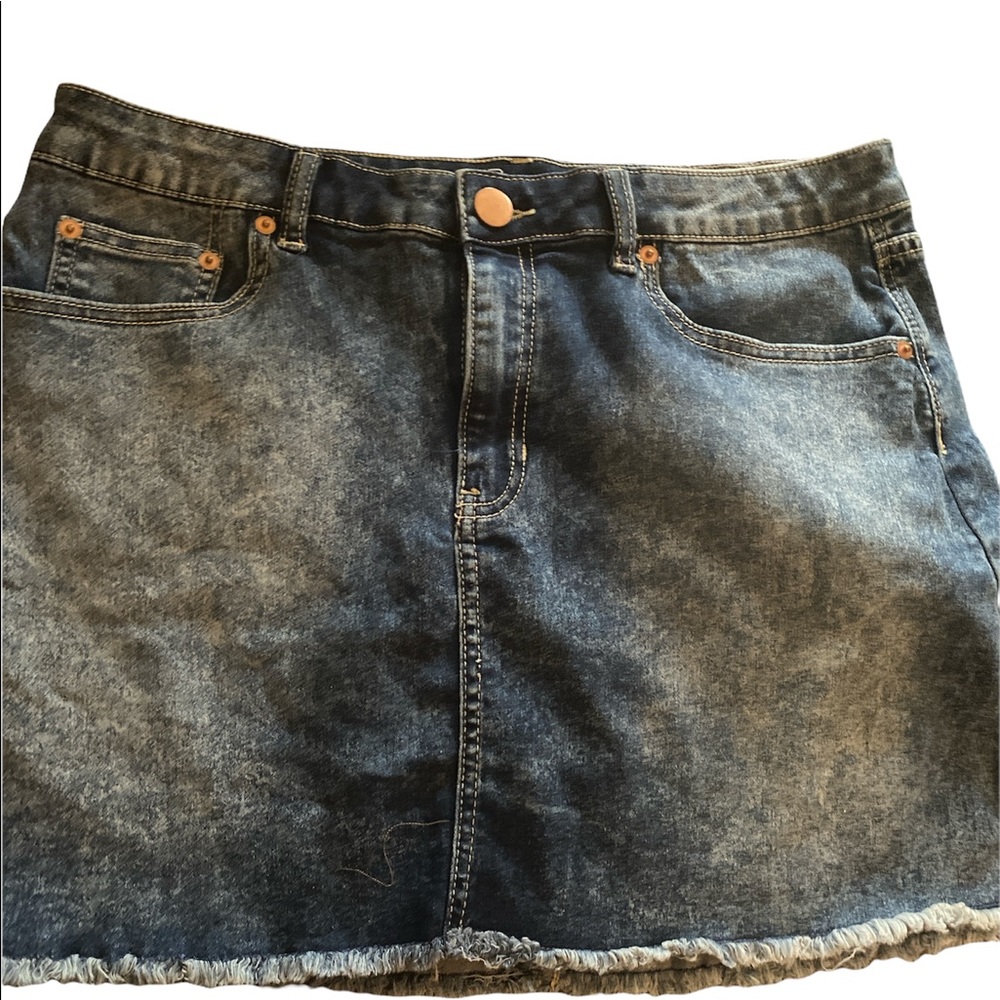 No Boundaries Jrs Denim Skirt NWOT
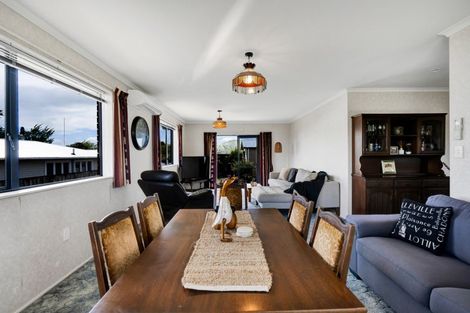 Photo of property in 40 Hamlet Street, Stratford, 4332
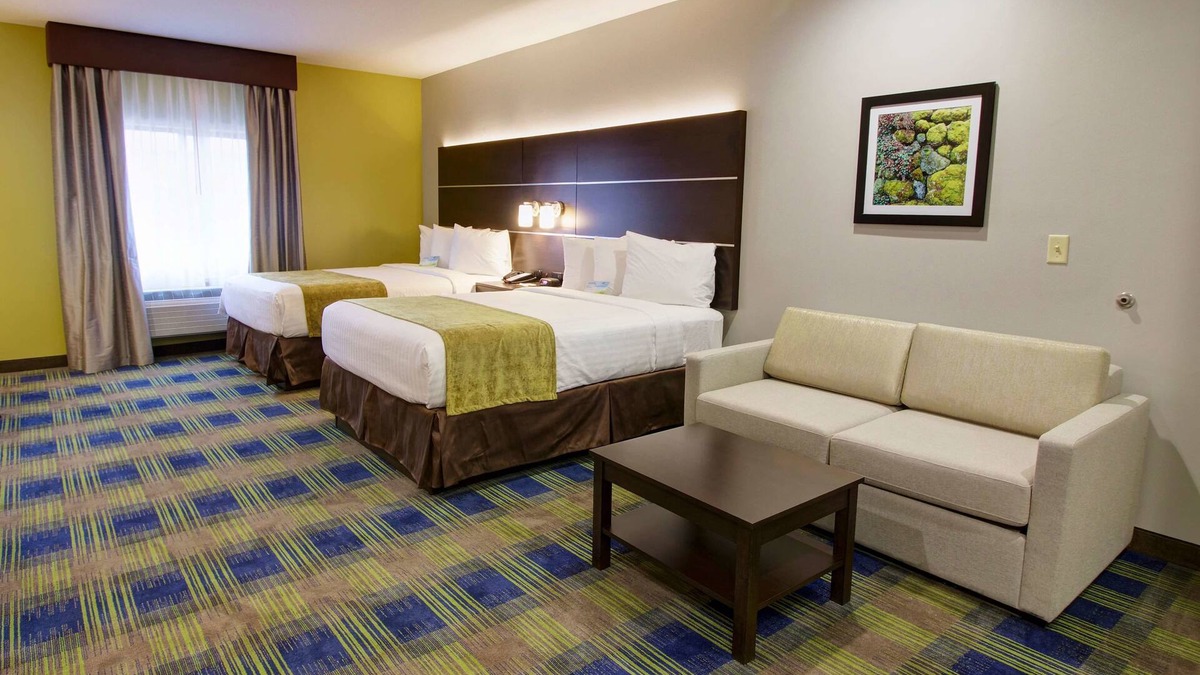 Port Arthur Hotel | Days Inn & Suites by Wyndham Port Arthur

• _PROBLEM TO SOLVE_
Print exactly the line containing "Photo of property" and every line after it through the final line above, and leave all pictures out.

• _FINAL ANSWER_
 Photo of property in 40 Hamlet Street, Stratford, 4332
 Port Arthur Hotel | Days Inn & Suites by Wyndham Port Arthur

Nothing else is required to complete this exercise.